Our kids and our future...

saram

Legend
Our world is in shambles...

I remember when I was a kid and I used to have free reign of my life and be allowed to play with my friends until late at night--even on school nights.

Not now...

Now, we have drugs to deal with. Guns to deal with. Sex at younger ages than ever imaginable.

We, as parents, are so caught up in our worlds we have forsaken the most important thing in our world and our futures--our kids.

If you are a parent, spend time with them. Nurture them. If you have a daughter--teach her she does not have to be pretty, but teach her to empower herself with eduacation and knowledge. There is no reason for a girl to think she has to find a rich man--she should be empowered to provide herself with a world of her own and rely on no one other than herself.
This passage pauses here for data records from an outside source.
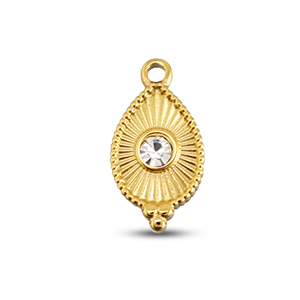 BY31&reg; Breloques en acier Inox goutte Dor&eacute;-cristal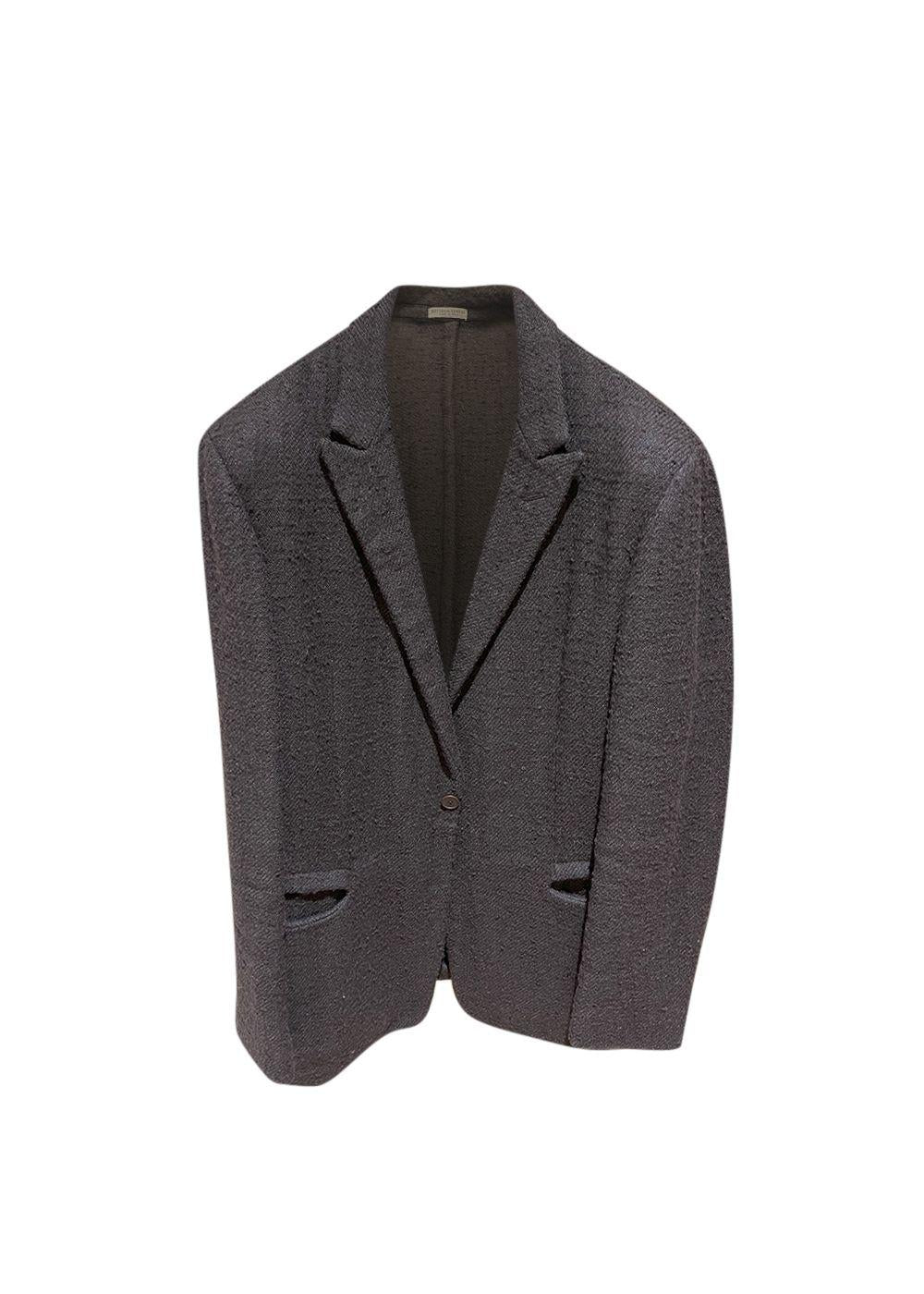 Brown Textured Hemp Blend Single Breasted Blazer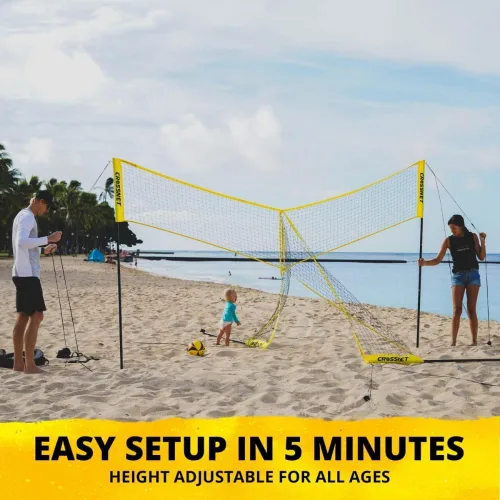 Vista 4 de CROSSNET - Red de voleibol de 4 vías con mochila de transporte y pelota - Juego de voleibol de cuatro cuadrados para adultos y niños - Juego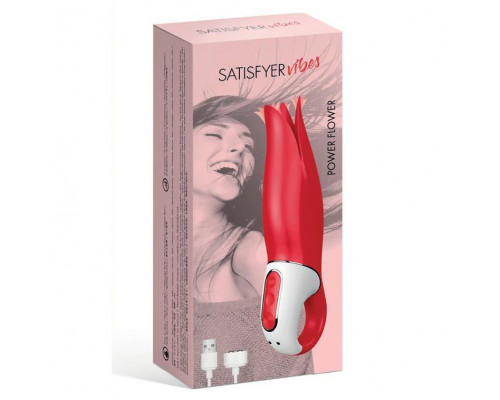 Потужний вібратор Satisfyer Vibes Power Flower з ніжними пелюстками, що тріпотять.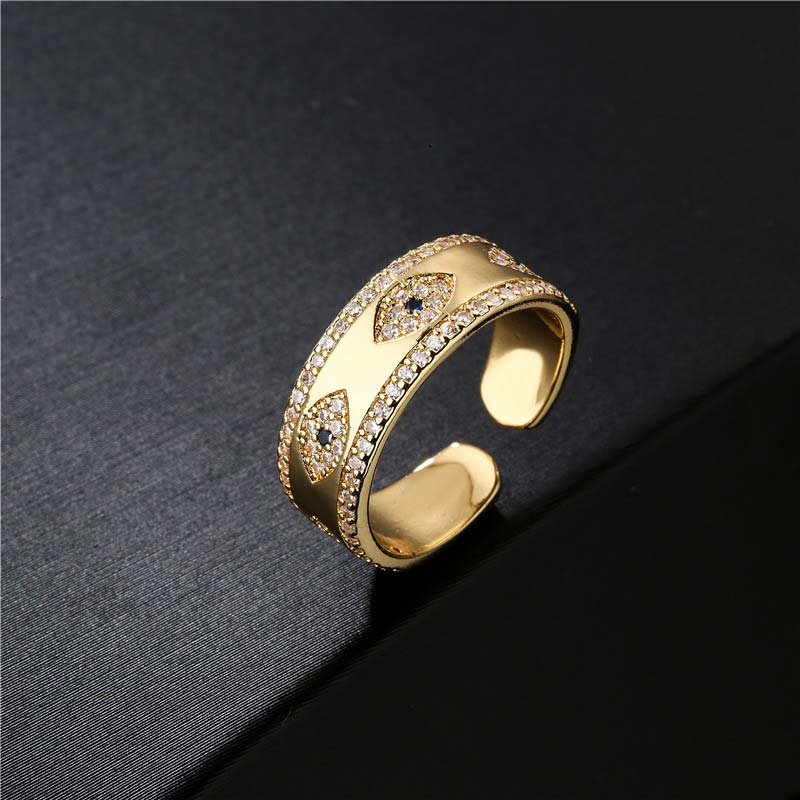 Adjustable Copper Alloy Evil Eye Ring for Luck & Protection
Stop putting your kids off thinking about yourself or how tired you are. Lead by example. Share your thoughts. Become emotionally intimate with your kids. Share with them your life, your past, and your dreams. Get active, get pro-active, and take a cause up with your kids. Show them that one voice can be heard.

Tomorrow started yesterday, and we're already late...

http://www.youtube.com/watch?v=AfvTjFZBcVI
 
For some reason, this post reminded me of a short story I read in college. It was by Chris Daly and it was called "How the Lawyers Stole Winter."
 
Drugs, guns, and sex have all been around for quite some time. It's really nothing new. The issue is that parents aren't parenting, and none are confident in the job they're doing as a parent. Kids don't need to have all the trappings of adulthood. They don't need to be scheduled to within an inch of their lives, they don't need televisions and full-service telephones and laptops and iPods and 20 million lessons a week.

Let them be kids. Talk to them about what you expect from them, deal with the "sensitive" topics like drugs and sex, and let them just be kids.
 
A large part of the problem is that parents are, to some extent, kept from parenting because more and more of their time is spent at work.

A there's a deep fear of social and economic failure among parents, which turns them into helicopter parents and steam shovel parents.

Of course, driving this to some extent is our extreme reliance on credentialism = professional merit. However, I'm not so sure that an academic standout at the University of Illinois is not on a par with one from Cornell or Dartmouth.

Also, political correctness means your neighbors are unwilling to stand by your shoulder and support you, when they see your kid misbehaving. . . fear of lawsuits.